#### GIVEN DATA:

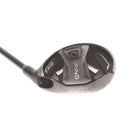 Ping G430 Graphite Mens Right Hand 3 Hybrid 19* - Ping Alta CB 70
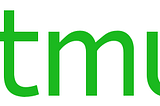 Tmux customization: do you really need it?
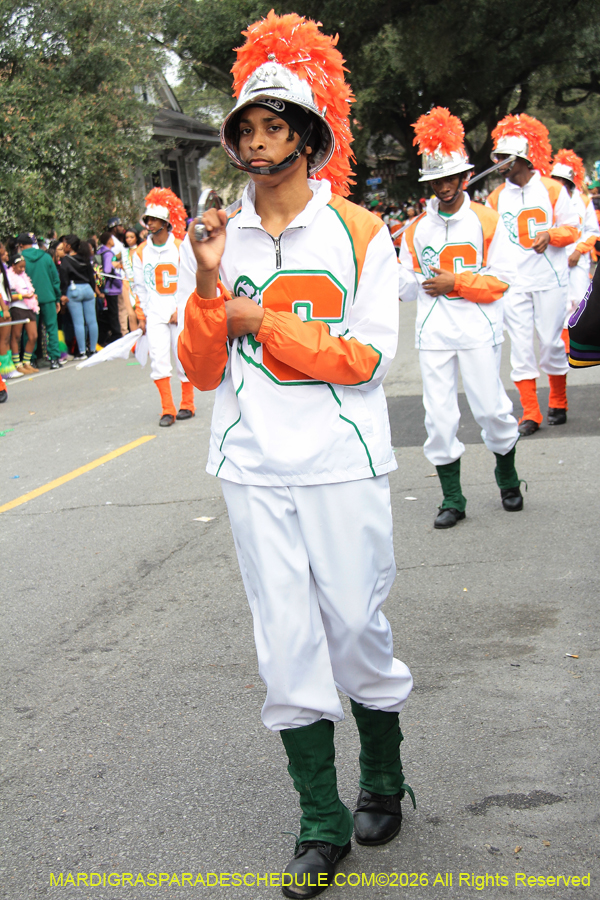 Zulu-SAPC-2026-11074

* * *

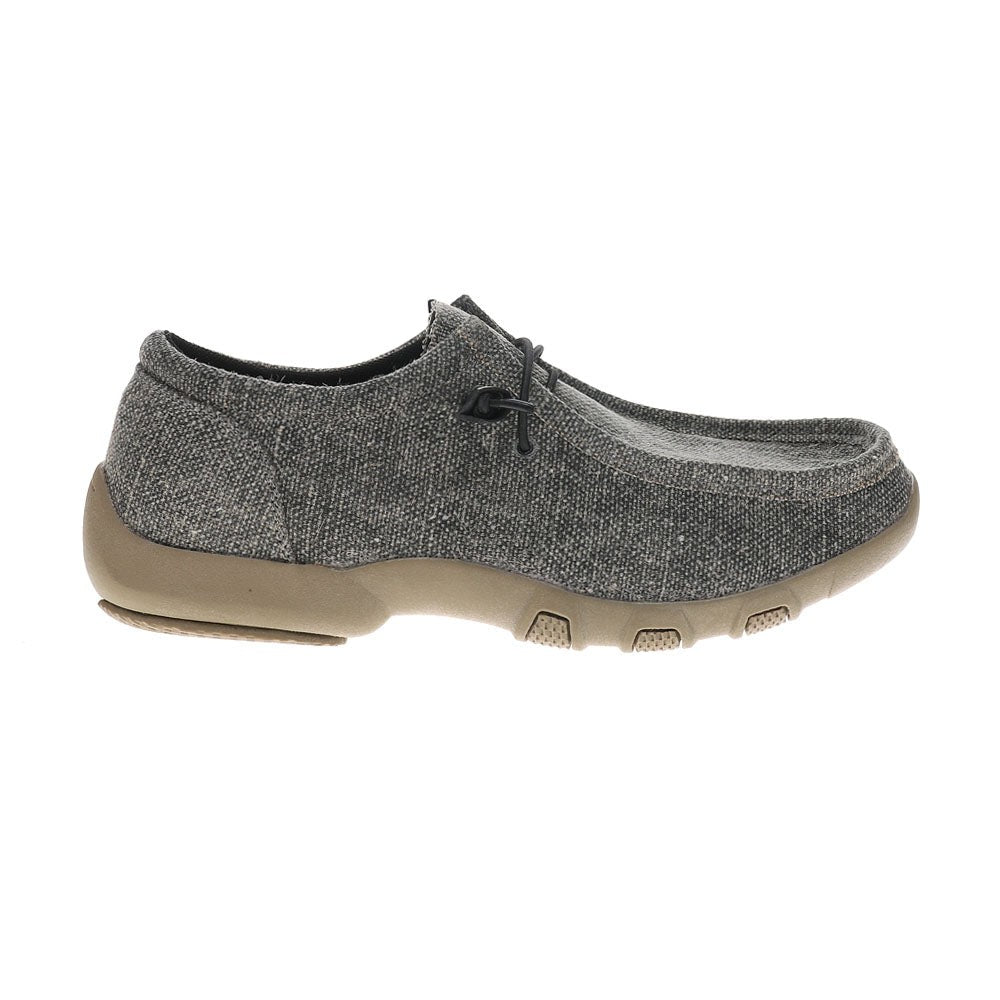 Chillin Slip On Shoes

---

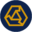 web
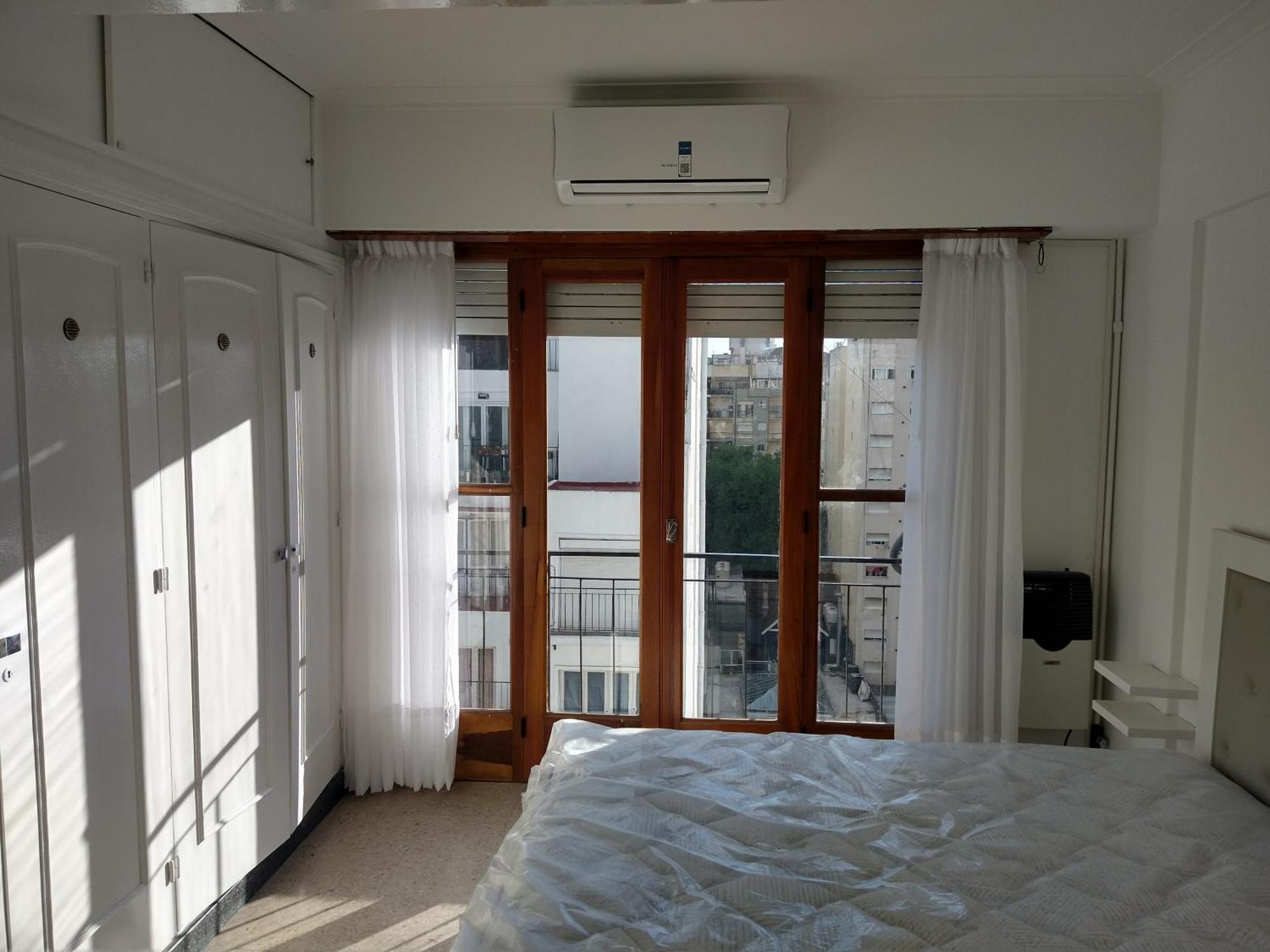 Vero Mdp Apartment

#### WHAT NEEDS TO BE DONE:
Please output, exactly as written, the lines above from the one holding "Tmux customization: do you really need it?" through the one holding "Zulu-SAPC-2026-11074", both included, with the pictures omitted.

#### OUTPUT:
 Tmux customization: do you really need it?
 Zulu-SAPC-2026-11074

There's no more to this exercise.